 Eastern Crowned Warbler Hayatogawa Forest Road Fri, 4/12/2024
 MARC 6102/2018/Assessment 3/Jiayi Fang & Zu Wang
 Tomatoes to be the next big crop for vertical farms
* * *
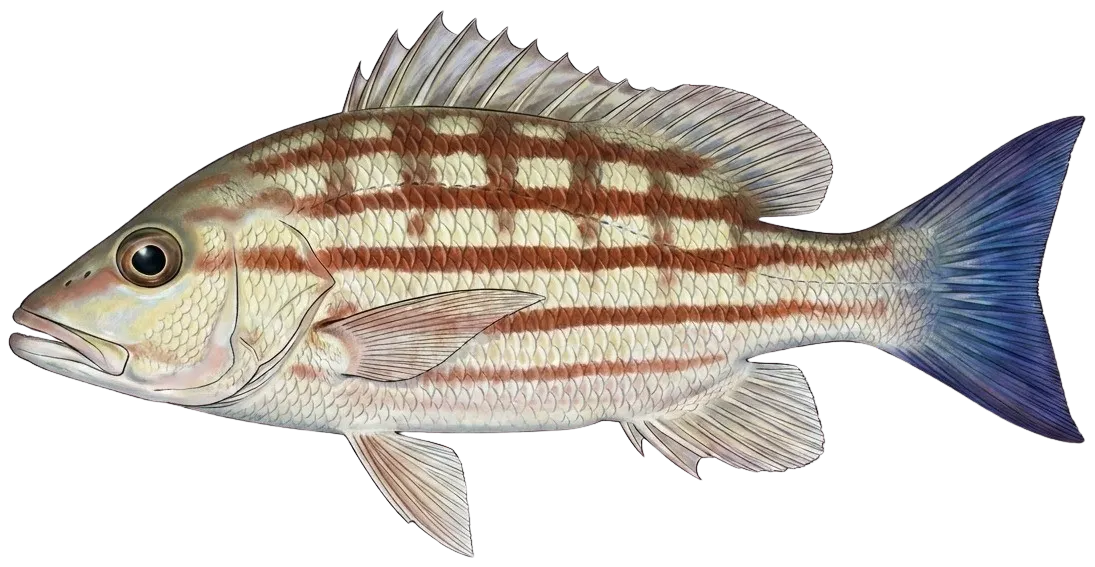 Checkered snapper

*Problem description:*
Please, from the material above, copy only the lines from the line with "MARC 6102/2018/Assessment 3/Jiayi" up to and including the line with "Tomatoes to be", exactly as written.

*Response below:*
 MARC 6102/2018/Assessment 3/Jiayi Fang & Zu Wang
 Tomatoes to be the next big crop for vertical farms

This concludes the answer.